The P10 cruise was the third in a series of three WHP one-time cruises aboard the R/V Thomas G. Thompson in 1993, following P17N and P14N. The ship departed Suva, Fiji, on November 5, 1993, and steamed north-west to the northern coastline of Papua, New Guinea, where the section began at the 200-m isobath. During the 7-day deadhead, three test stations were occupied (not included in the station numbering scheme) to shake down equipment and water-sampling methodology. The station track, designed in early planning documents for 145° E, was shifted eastward in an effort to depart the New Guinea coastline perpendicular to the bathymetry, then skirt the Mariana Ridge and Trough to the east, thus making the whole section in the East Mariana Basin, rather than in both that basin and the Philippine Basin farther west. Where bottom depths changed rapidly (near the coast and passing the Caroline Seamounts around 6-8° N), station spacing was dictated by topographic changes; within 3° of the Equator, spacing was every 15 min of latitude along the ship track (nominally 15 nm, but slightly more due to the track angle), stretching to 30 nm up to 10.5° N, then 40 nm from there to station 73 at 28.5° N. At that point the cruise track was going straight toward the Japan coast in order to cross the Kuroshio Current. The ADCP results indicated that this crossing was approximately perpendicular to the current. Over the northern dogleg, station spacing gradually decreased to resolve the strong front of the Kuroshio Current, and ultimately, to accommodate rapid topographic changes near the coast. Stations generally went to within 10 m of the bottom except over the Japan Trench and a few other stations where bottom depths exceed 6000 dbar. No stations were lost due to weather, and the ship arrived in Yokohama on November 10, 1993.

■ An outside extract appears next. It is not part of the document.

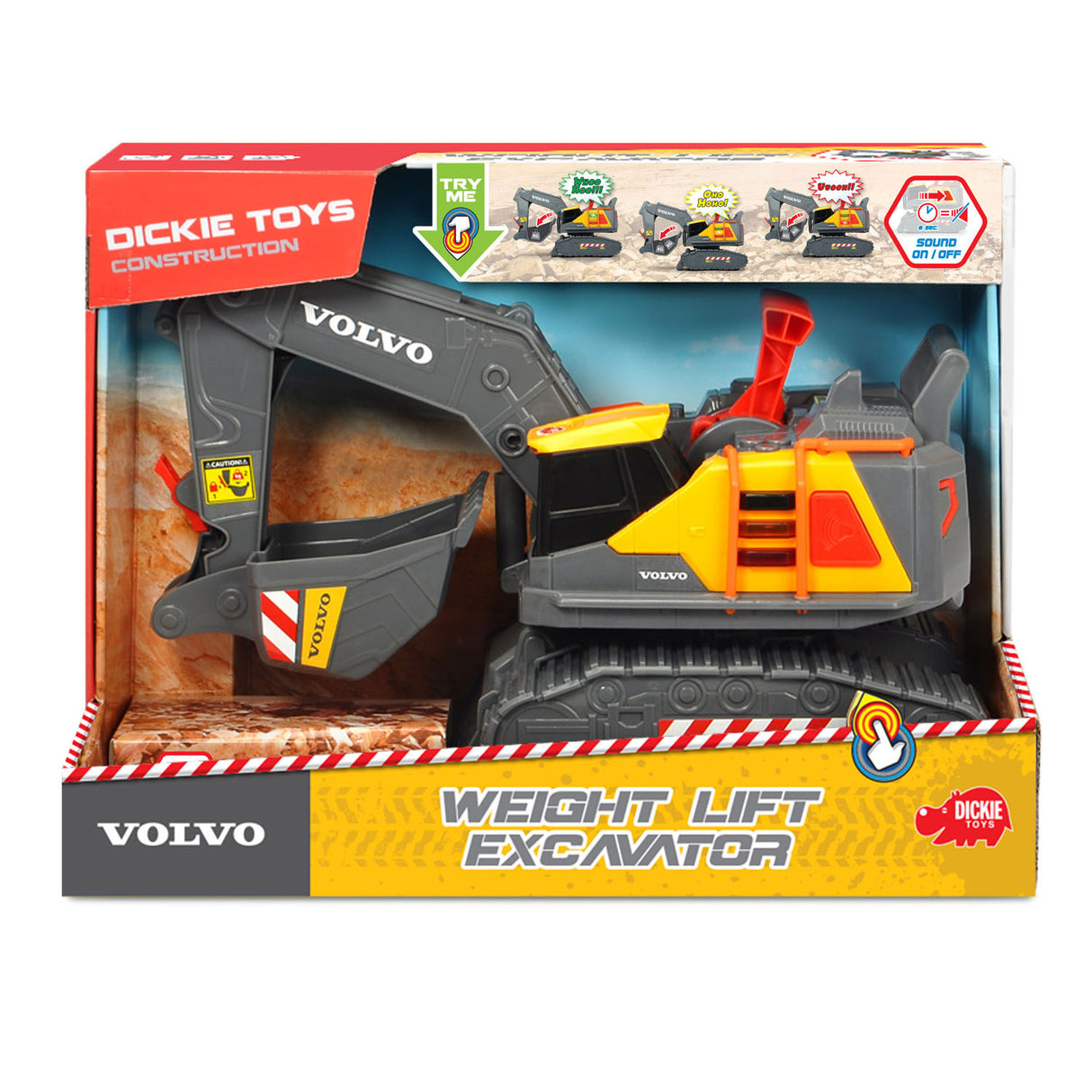 Dickie Volvo gravemaskine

The general sampling strategy for the carbon work was to collect and analyze as many full profiles for TCO2 and TALK as practical. The TCO2 analysis was slightly faster than the TALK analysis and generally determined the frequency of sampling. Full profiles were collected at 32 of the 94 hydrographic stations occupied on this leg, with gaps of no more than two consecutive stations between profiles (Fig. 2). Duplicate samples were collected at every sample station from Niskins tripped in shallow, mid-depth, and deep waters for both TCO2 and TALK to evaluate the quality and precision of sampling and analysis. All TCO2 samples were analyzed at sea; however ~20% (220 samples) of the TALK samples were returned to Princeton University for shore-based analysis. To preserve the continuity of the profiles, all of the TALK samples at select stations were bottled for return to the laboratory. At least three additional replicate TALK samples were collected at these stations and analyzed at sea to ensure the compatibility of the two data sets [see further explanation in quality assurance / quality control (QA/QC) section]. In addition to the TCO2 samples collected for on-board analysis, 40 samples were collected at 10 stations for shore-based TCO2 analysis by vacuum extraction and manometry by Charles D. Keeling of Scripps Institute of Oceanography (SIO).